Abstract: Masked Latent Semantic Modeling (MLSM) is a pre-training objective which – in contrast to masked language modeling (MLM) – changes the objective of pre-training from the reconstruction of the exact word forms to their latent semantic properties (LSPs). The LSPs are determined by performing sparse coding based on the hidden token representations derived from an auxiliary model. In this paper, we identify and carefully evaluate previously unexplored important properties of MLSM pre-training. Based on the results of our rigorous experiments, we formulate a series of recommendations and best practices regarding MLSM pre-training for improving its efficiency. Among other recommendations, we propose a recipe for choosing the layer of the auxiliary model to determine the LSPs from, such that we can reduce the costs of pre-training MLSM pre-training, while maintaining or even surpassing the downstream fine-tuning capabilities of the resulting model.

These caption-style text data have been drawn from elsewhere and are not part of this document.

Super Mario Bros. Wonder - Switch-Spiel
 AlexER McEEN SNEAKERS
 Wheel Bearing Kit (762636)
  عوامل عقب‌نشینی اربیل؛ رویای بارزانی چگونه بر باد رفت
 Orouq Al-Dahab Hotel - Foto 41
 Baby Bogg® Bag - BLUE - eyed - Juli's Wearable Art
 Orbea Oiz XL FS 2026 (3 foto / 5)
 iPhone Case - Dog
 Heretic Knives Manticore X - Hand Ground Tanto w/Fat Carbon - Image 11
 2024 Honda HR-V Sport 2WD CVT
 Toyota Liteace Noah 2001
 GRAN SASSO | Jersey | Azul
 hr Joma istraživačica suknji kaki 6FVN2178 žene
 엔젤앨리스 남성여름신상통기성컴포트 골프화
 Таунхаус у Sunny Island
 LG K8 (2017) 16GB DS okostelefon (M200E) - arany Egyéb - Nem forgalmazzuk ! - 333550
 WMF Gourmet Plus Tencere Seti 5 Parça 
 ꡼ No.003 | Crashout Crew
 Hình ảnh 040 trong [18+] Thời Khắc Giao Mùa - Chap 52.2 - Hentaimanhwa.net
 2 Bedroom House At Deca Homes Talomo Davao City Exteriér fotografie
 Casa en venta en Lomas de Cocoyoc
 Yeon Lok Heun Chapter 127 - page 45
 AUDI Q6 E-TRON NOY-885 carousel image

We also provide an improved implementation of MLSM, which reduces its computational requirements expressed in FLOPS by 33%. Besides the improved computational requirements, MLSM comes with better fine-tuning transferability, i.e., in our experience, the fine-tuning performance of MLSM pre-trained model checkpoints is on par or better than that of alternatively pre-trained models for twice the update steps. We release our code for reproducing our experiments at github.com/[MASK]
Submission Length: Long submission (more than 12 pages of main content)
Changes Since Last Submission:
- The abstract has been rewritten in order to meet the remark from Reviewer Lf8n that the original abstract was not informative enough
- The description of MLSM in §3 have been vastly modified for improving clarity and providing more details as requested by Reviewer Lf8n
- based on the comments of Reviewer jaDw, §4.2.1 has been expanded with additional experiments and methodological novelties regarding the selection of the layer from the auxiliary model to be used
- Additional details on FLOPS calculation has been added to §4.2.3 as requested by Reviewer Lf8n
- Subsection 4.3.2 has been added to the manuscript with scaled up experiments (that are currently still in progress) following the remarks of Reviewer m4ph
- For our multi-task learning setting, we added new results for the $\kappa=2$ case, as asked by Reviewer Lf8n
- We have added a future work section on applying the proposed pre-training approach for vision models, which was recommended by Reviewer jaDw (this modification is also meant to address the remark from Reviewer Lf8n, asking for motivation how our findings might be of additional interest beyond 'regular' MLSM)
- We have refined the wording, e.g., instead of better sample efficiency, we refer to improved downstream transferability throughout the manuscript
Submission Number: 4699